# [Activity]
Print this span of the material below exactly: the line with "Used Ford Fiesta", the line with "LADA FRIGORIFICA 345L", and every line between them, but nothing else.

# [Information shown]
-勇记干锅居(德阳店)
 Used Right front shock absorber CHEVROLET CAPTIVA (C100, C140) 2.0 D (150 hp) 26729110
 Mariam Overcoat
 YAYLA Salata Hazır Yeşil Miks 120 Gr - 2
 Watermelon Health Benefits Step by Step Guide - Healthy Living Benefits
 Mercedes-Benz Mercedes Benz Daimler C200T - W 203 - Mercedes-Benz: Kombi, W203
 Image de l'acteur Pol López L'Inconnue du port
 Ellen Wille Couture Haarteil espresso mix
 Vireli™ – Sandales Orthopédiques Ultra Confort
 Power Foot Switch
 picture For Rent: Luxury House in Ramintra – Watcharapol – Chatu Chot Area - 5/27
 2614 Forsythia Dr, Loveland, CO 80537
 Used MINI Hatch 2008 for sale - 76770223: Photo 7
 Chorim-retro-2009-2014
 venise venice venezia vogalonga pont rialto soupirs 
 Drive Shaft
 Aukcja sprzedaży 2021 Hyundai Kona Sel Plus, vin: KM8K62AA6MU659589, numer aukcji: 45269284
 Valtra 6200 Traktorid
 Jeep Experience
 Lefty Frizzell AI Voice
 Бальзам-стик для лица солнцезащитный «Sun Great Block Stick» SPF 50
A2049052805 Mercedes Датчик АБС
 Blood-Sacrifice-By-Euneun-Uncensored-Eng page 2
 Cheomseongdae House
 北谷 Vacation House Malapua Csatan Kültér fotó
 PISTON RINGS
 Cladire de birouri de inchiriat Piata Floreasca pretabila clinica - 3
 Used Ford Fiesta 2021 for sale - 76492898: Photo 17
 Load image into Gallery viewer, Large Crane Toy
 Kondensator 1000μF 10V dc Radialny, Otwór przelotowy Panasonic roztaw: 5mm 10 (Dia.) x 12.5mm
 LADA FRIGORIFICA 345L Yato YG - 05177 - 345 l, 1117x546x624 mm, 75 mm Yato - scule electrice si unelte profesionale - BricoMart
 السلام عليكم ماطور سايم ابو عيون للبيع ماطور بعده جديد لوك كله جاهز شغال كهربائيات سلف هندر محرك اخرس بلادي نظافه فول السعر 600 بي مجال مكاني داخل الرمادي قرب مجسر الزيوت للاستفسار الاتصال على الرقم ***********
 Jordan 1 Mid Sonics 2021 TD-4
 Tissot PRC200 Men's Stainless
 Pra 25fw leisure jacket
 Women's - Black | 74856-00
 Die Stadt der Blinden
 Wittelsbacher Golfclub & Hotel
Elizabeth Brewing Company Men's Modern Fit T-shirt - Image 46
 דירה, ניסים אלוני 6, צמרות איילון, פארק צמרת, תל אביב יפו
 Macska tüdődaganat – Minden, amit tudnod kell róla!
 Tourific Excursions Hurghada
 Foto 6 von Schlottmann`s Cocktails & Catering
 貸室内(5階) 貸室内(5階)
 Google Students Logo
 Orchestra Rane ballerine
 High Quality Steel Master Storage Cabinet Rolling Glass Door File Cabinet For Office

# [Response to the exercise]
 Used Ford Fiesta 2021 for sale - 76492898: Photo 17
 Load image into Gallery viewer, Large Crane Toy
 Kondensator 1000μF 10V dc Radialny, Otwór przelotowy Panasonic roztaw: 5mm 10 (Dia.) x 12.5mm
 LADA FRIGORIFICA 345L Yato YG - 05177 - 345 l, 1117x546x624 mm, 75 mm Yato - scule electrice si unelte profesionale - BricoMart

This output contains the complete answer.